Image-caption web data:

________________

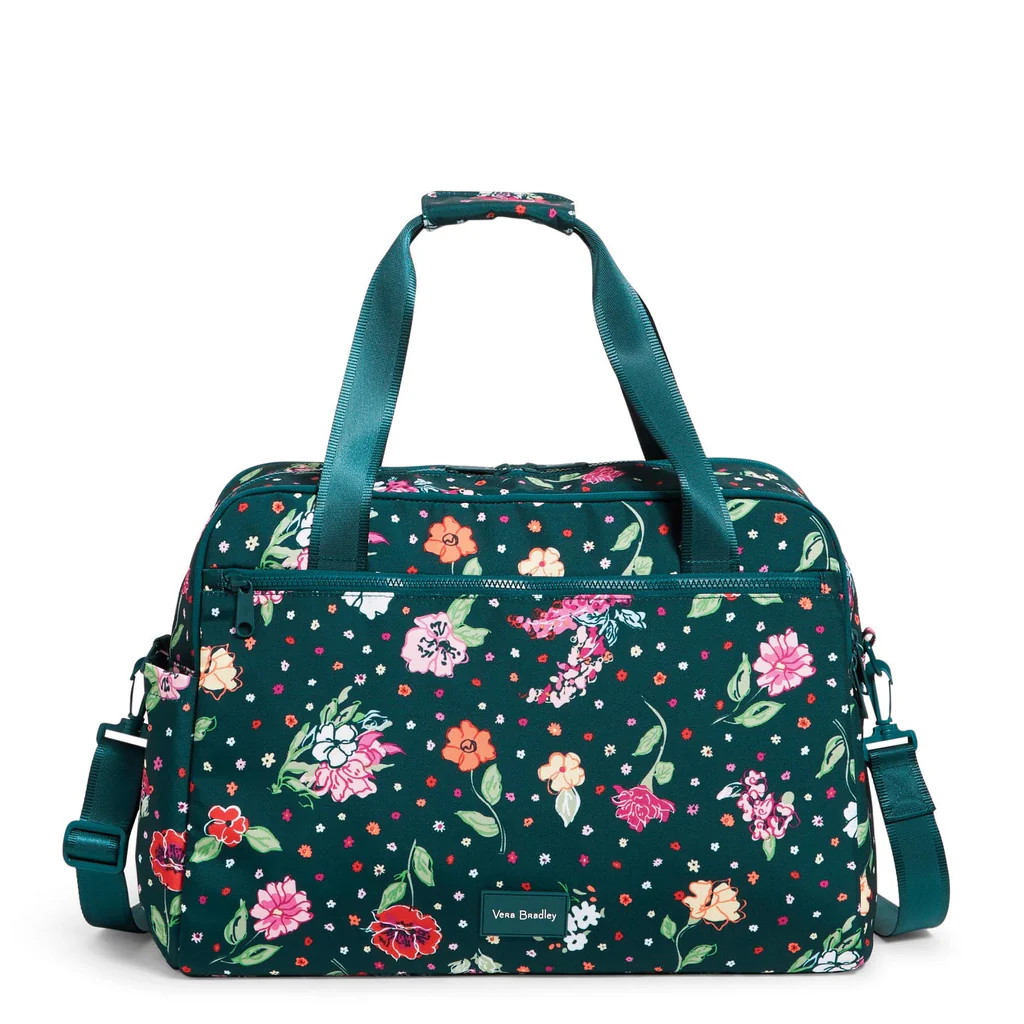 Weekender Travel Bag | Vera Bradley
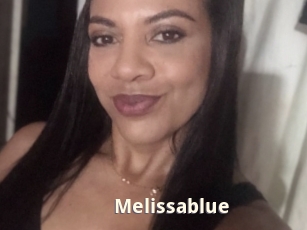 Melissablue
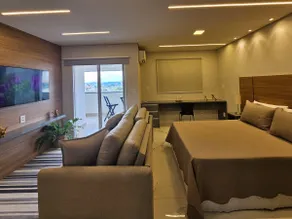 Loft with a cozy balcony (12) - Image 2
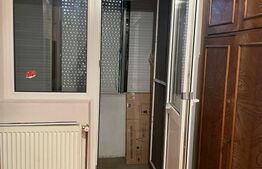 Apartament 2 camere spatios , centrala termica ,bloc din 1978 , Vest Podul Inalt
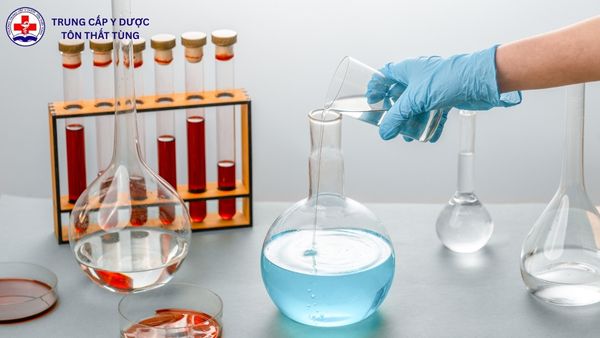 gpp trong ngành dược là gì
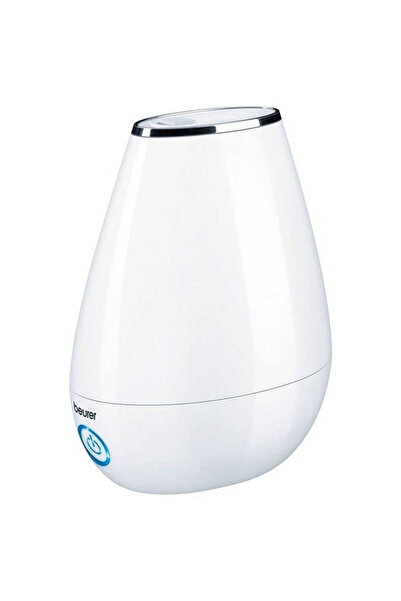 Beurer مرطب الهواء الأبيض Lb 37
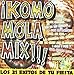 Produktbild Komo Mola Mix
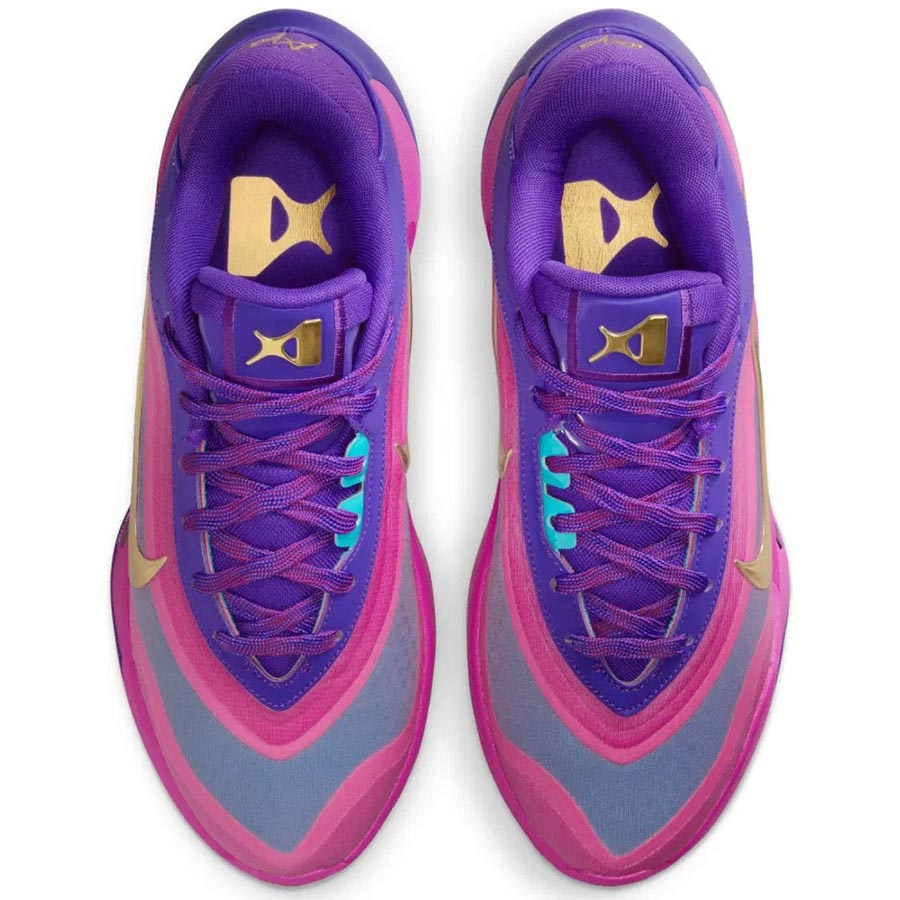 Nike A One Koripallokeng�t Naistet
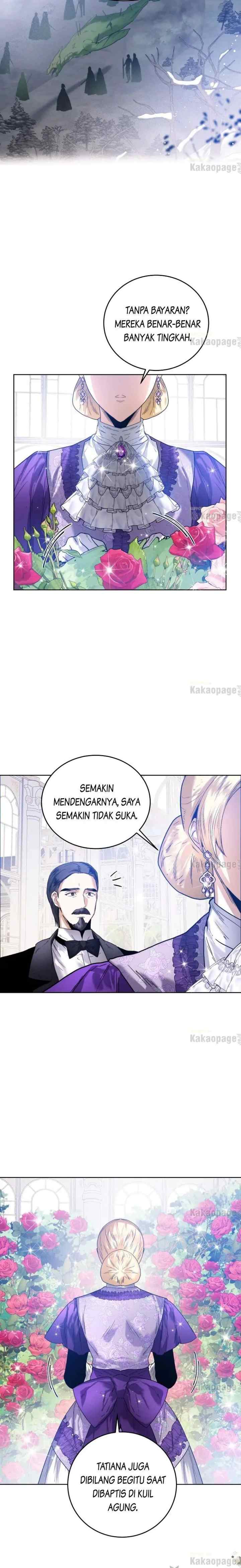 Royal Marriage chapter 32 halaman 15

________________

◆ **What you need to do**
Nothing but the lines from the line containing "Melissablue" through the end of the data, both ends included, is to be reproduced, exactly as written and without the pictures.

◆ **Reply**
 Melissablue
 Loft with a cozy balcony (12) - Image 2
 Apartament 2 camere spatios , centrala termica ,bloc din 1978 , Vest Podul Inalt
 gpp trong ngành dược là gì
 Beurer مرطب الهواء الأبيض Lb 37
 Produktbild Komo Mola Mix
 Nike A One Koripallokeng�t Naistet
 Royal Marriage chapter 32 halaman 15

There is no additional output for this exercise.